_Your assignment_
Below are entries; copy exactly, and only, the lines from the one containing "5 is greater" through their final line, leaving out pictures.

[Data items]
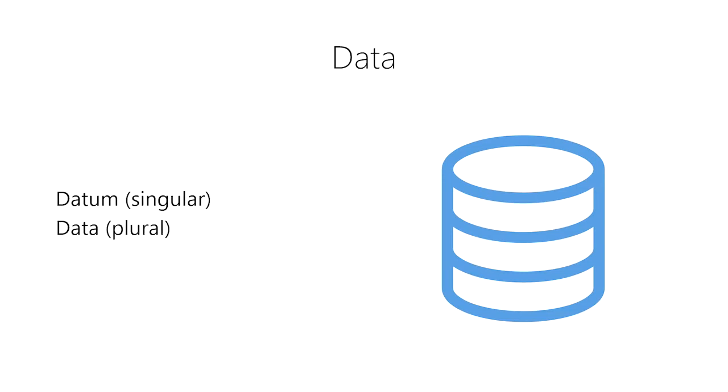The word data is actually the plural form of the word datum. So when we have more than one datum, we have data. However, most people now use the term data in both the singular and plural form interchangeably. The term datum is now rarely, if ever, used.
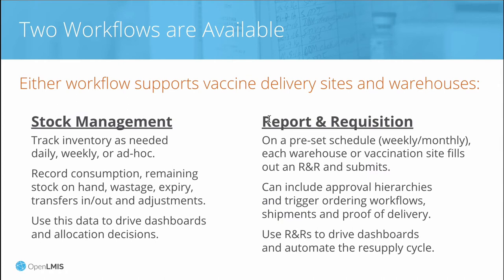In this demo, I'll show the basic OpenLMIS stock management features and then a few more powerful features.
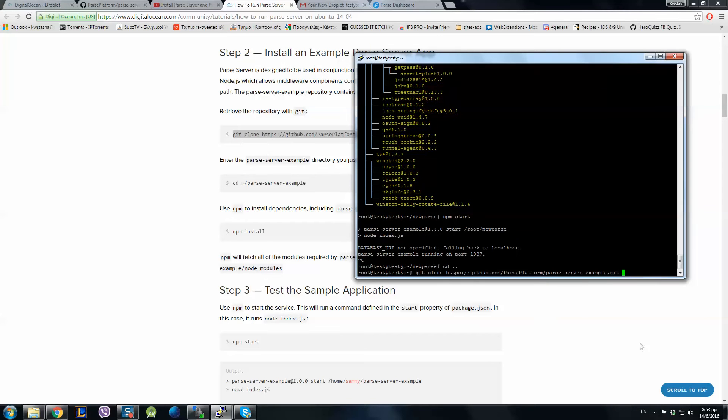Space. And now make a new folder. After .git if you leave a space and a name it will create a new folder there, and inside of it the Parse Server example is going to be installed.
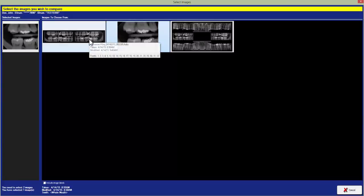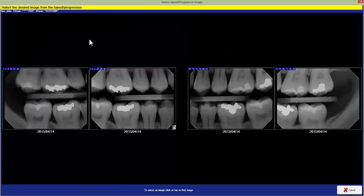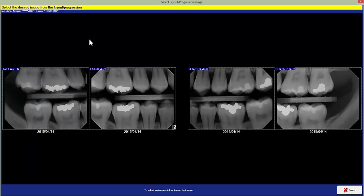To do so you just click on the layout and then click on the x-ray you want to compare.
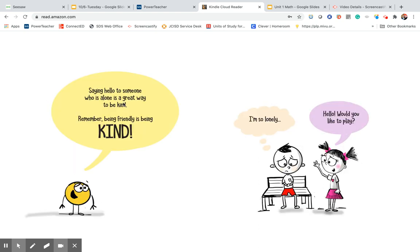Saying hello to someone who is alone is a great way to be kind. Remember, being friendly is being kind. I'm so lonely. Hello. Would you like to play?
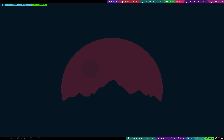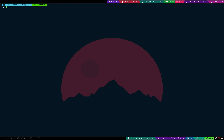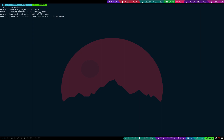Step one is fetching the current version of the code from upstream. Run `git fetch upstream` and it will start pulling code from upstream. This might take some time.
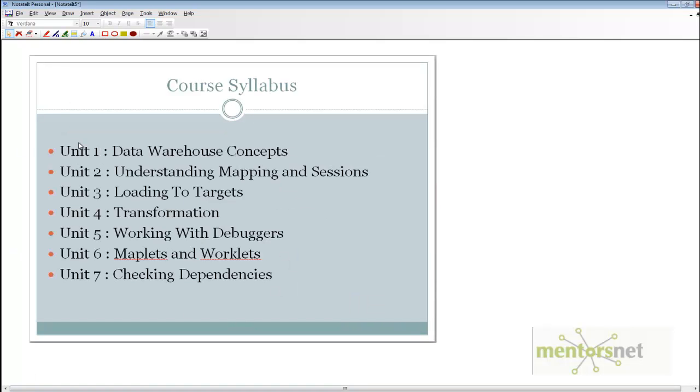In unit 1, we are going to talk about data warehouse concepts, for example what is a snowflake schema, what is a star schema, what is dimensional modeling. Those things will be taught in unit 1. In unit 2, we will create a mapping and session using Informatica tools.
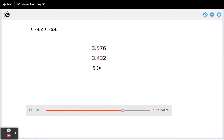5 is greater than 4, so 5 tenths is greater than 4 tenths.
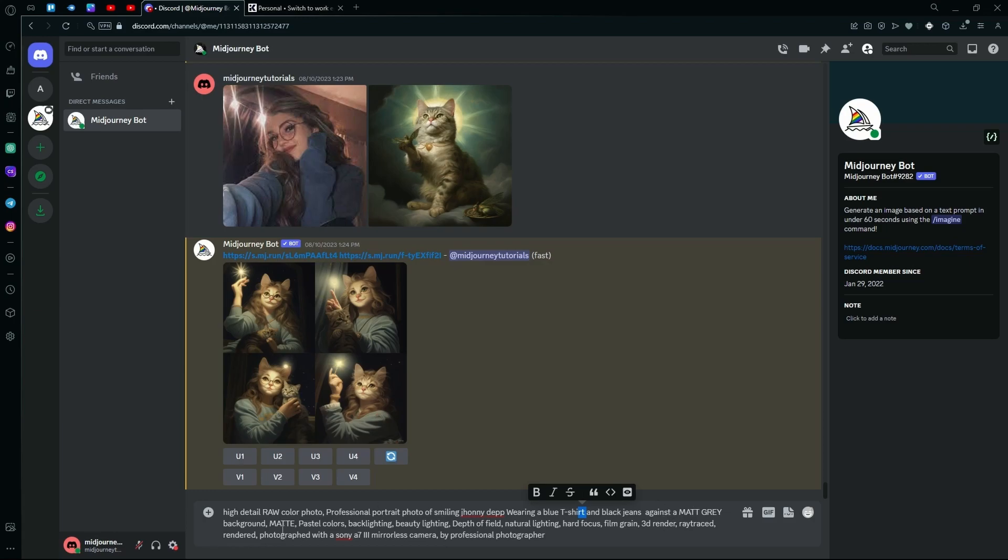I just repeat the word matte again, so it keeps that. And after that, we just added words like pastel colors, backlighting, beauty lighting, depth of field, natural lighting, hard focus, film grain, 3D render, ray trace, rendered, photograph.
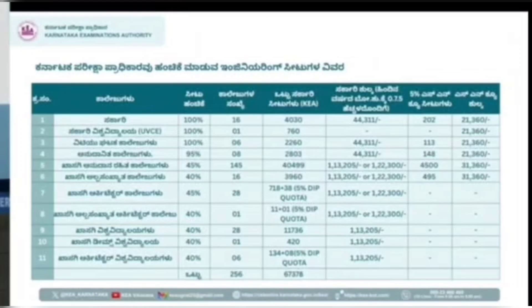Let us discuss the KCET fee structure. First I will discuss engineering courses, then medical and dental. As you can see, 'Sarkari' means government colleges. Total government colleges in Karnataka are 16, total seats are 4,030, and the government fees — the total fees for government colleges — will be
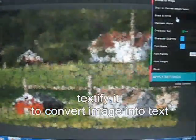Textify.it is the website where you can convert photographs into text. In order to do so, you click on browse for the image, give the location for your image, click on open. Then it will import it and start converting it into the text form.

_Answer to this task_
5 is greater than 4, so 5 tenths is greater than 4 tenths.
I just repeat the word matte again, so it keeps that. And after that, we just added words like pastel colors, backlighting, beauty lighting, depth of field, natural lighting, hard focus, film grain, 3D render, ray trace, rendered, photograph.
Let us discuss the KCET fee structure. First I will discuss engineering courses, then medical and dental. As you can see, 'Sarkari' means government colleges. Total government colleges in Karnataka are 16, total seats are 4,030, and the government fees — the total fees for government colleges — will be
Textify.it is the website where you can convert photographs into text. In order to do so, you click on browse for the image, give the location for your image, click on open. Then it will import it and start converting it into the text form.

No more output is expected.